Oleh karena inilah, maka di dunia kang-ouw, seringkali terjadi ada seorang ahli silat yang mengaku dari perkumpulan Go-bi-pai tapi berkepandaian rendah sekali, tapi ada pula muncul ahli silat lain yang juga mengaku anak murid Go-bi, tapi kepandaiannya berlainan sekali dan hebat! Perkumpulan Go-bi-san yang dicari oleh Kong Lee adalah rombongan Liat Song Hosiang inilah, maka ia tidak salah pilih dan datang di tempat yang betul. Akan tetapi, musuh Coa Kim Nio yang mengaku anak murid Go-bi-pai dan bernama Louw Bin Tong itu, sama sekali bukan anak murid dari Go-bi Sam-lojin, akan tetapi anak murid seorang tosu bernama Pek-mau Tosu yang bertapa di puncak lain!
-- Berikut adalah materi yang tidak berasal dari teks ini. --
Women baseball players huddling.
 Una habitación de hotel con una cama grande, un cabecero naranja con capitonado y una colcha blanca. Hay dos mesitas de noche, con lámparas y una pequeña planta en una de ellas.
Ketika kedua anak muda itu tiba di depan kuil, mereka disambut oleh anak-anak murid kuil itu tetapi mereka menyambut dengan ramah tamahh seperti lazimnya pendeta-pendeta yang menjalani penghidupan suci.
"Ji-wi datang darimana dan ada keperluan apa maka mendatangi kuil kami?"
Tanya seorang penerima tamu, yakni seorang hwesio gundul yang sudah lanjut usianya dan bertubuh kurus tinggi.
"Teecu bernama Lim Kong Lee dan kedatanganku ke sini adalah hendak menjumpai ketua Go-bi-pai."
Hwesio tua tinggi kurus itu memandang tajam.
"Ketua kami adalah Go-bi Sam-lojin, entah yang manakah yang hendak sicu jumpai?"
Kong Lee sudah mendengar dari suhunya, bahwa suhengnya yang tewas itu memang dirobohkan oleh ketiga tokoh Go-bi itu, maka ia menjawab,
"Teecu hendak bertemu dengan ketiga-tiganya!"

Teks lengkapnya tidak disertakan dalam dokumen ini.